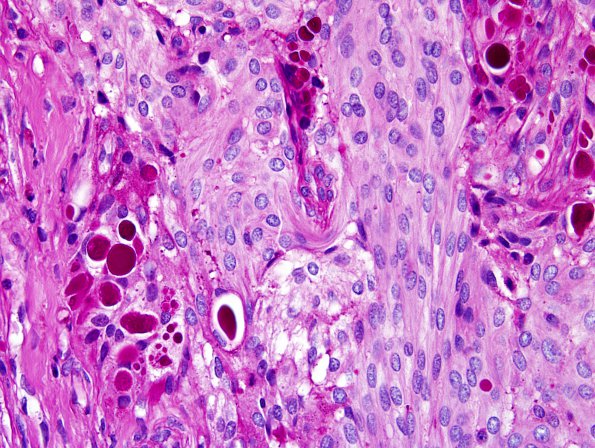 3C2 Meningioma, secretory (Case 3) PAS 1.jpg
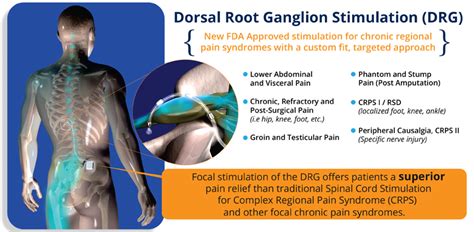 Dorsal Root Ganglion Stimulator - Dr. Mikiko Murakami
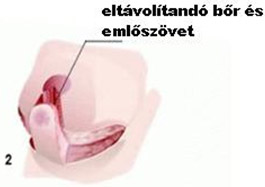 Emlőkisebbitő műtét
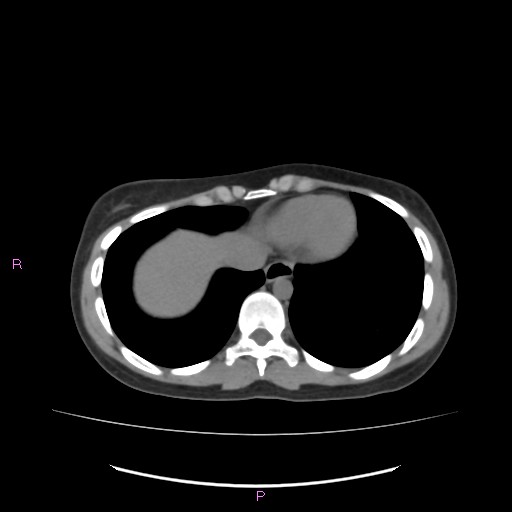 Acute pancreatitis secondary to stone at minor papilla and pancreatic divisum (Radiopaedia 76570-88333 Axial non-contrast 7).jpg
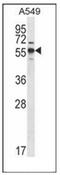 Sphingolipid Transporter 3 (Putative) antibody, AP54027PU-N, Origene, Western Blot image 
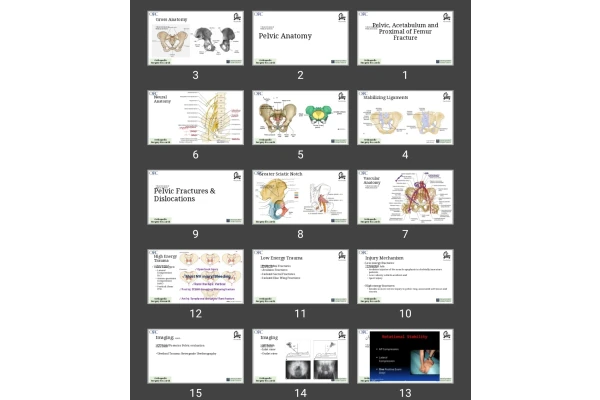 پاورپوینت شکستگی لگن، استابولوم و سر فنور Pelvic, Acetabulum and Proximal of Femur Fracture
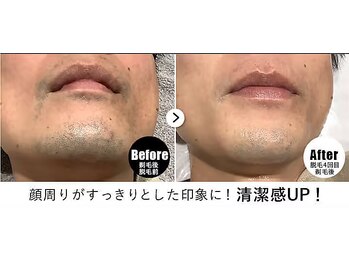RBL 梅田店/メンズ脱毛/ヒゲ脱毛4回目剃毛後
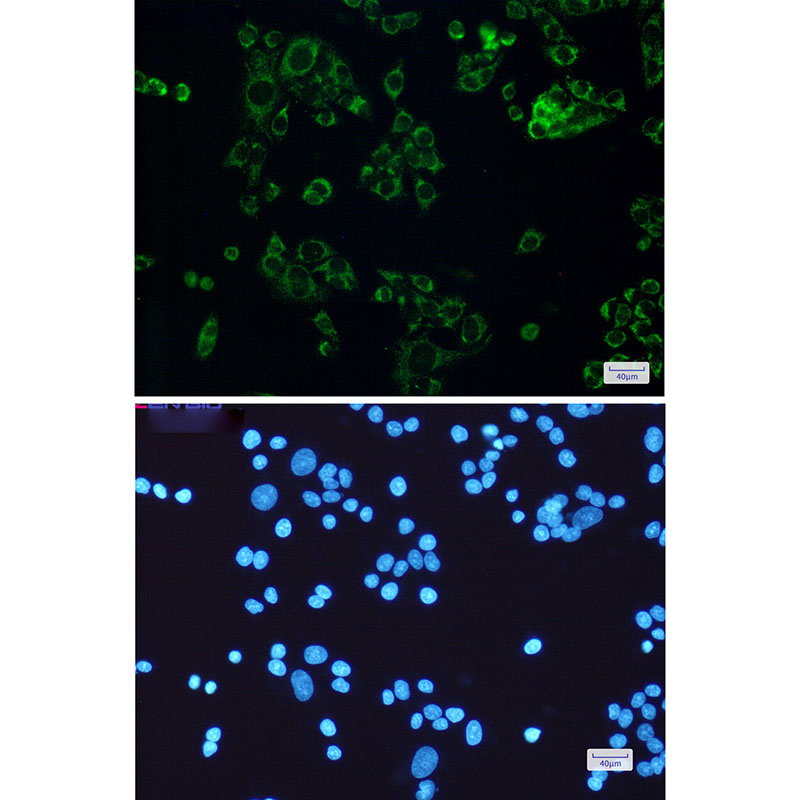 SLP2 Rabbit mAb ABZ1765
_ _ _ _ _ _ _
Description of the task: Should a picture appear among the entries above, omit it and repeat everything else exactly.

Exercise response:
 3C2 Meningioma, secretory (Case 3) PAS 1.jpg
 Dorsal Root Ganglion Stimulator - Dr. Mikiko Murakami
 Emlőkisebbitő műtét
 Acute pancreatitis secondary to stone at minor papilla and pancreatic divisum (Radiopaedia 76570-88333 Axial non-contrast 7).jpg
 Sphingolipid Transporter 3 (Putative) antibody, AP54027PU-N, Origene, Western Blot image 
 پاورپوینت شکستگی لگن، استابولوم و سر فنور Pelvic, Acetabulum and Proximal of Femur Fracture
RBL 梅田店/メンズ脱毛/ヒゲ脱毛4回目剃毛後
 SLP2 Rabbit mAb ABZ1765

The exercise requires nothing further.